**YOUR OBJECTIVE:**
Beginning with the line that holds "Paramus 6-Light Aged" and finishing with the line that holds "Женская футболка с", repeat the listing exactly, leaving every picture out.

**EXTRACTED MATERIAL:**
= Beginning of Section =

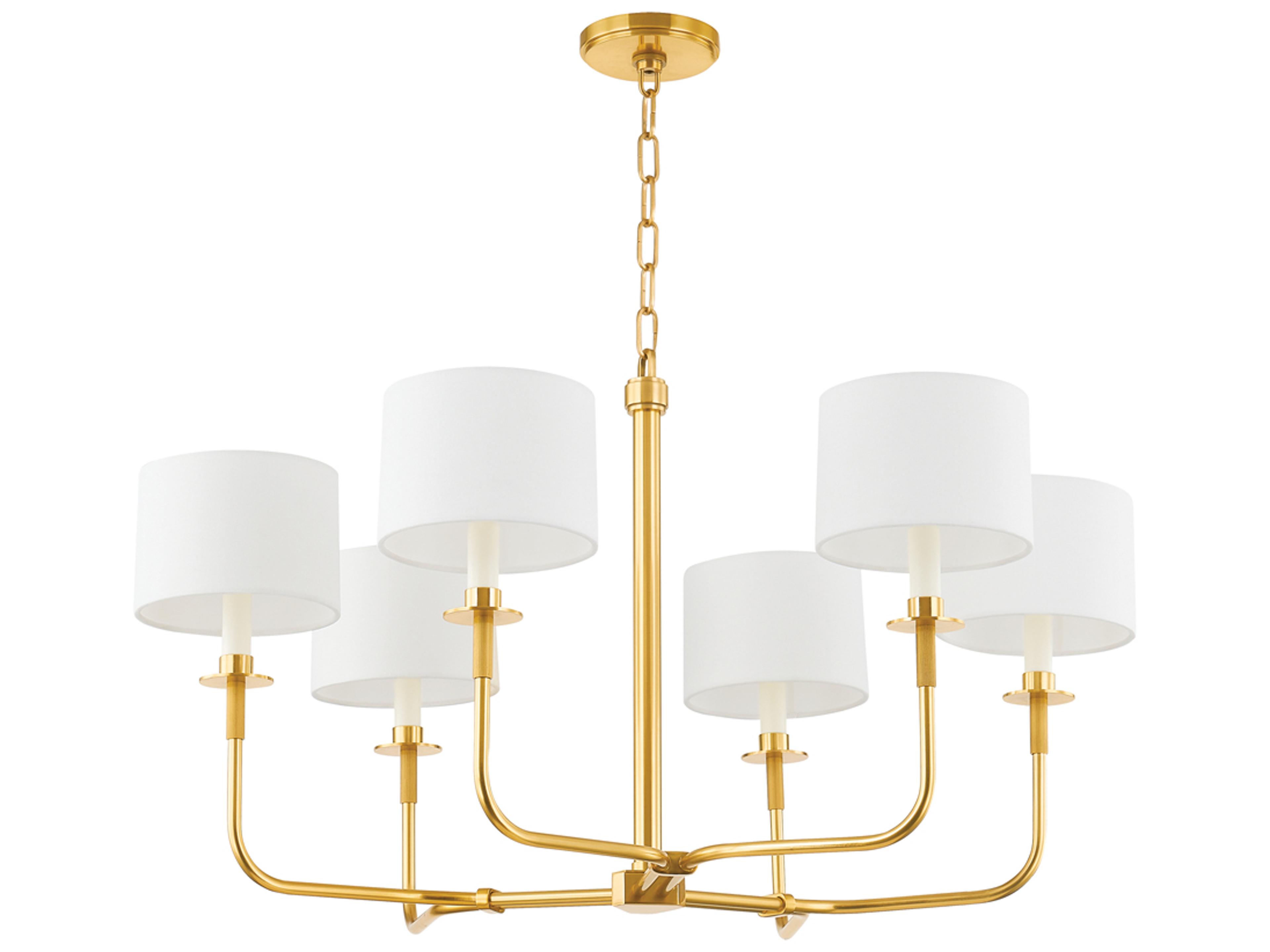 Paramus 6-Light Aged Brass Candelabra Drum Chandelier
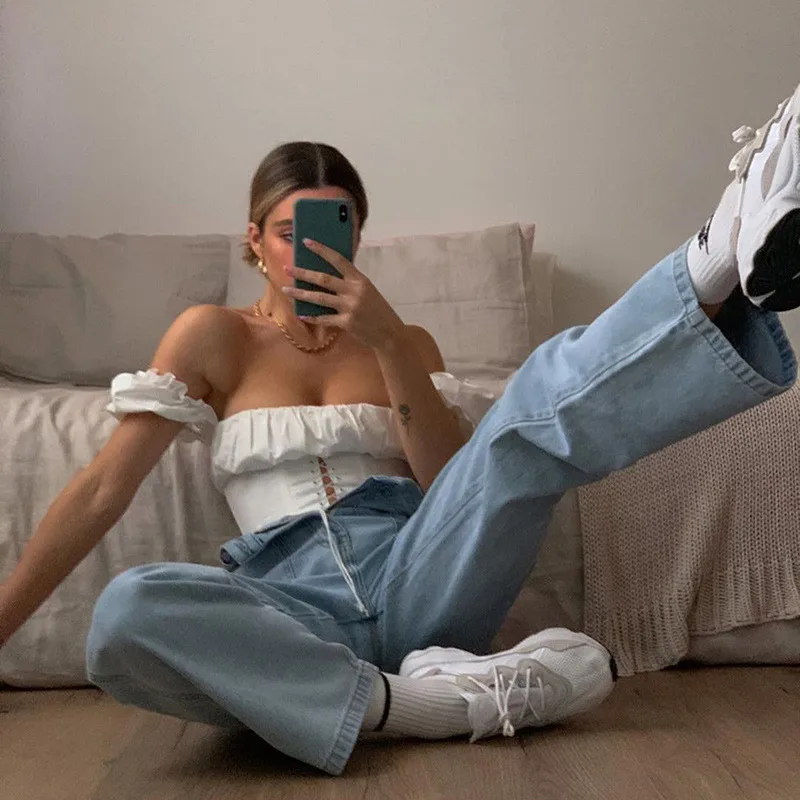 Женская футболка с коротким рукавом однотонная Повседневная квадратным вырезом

= End of Section =
= Beginning of Section =

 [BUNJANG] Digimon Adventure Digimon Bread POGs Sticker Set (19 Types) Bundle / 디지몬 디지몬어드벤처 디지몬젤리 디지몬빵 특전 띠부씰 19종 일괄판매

= End of Section =

**OUTPUT BELOW:**
 Paramus 6-Light Aged Brass Candelabra Drum Chandelier
 Женская футболка с коротким рукавом однотонная Повседневная квадратным вырезом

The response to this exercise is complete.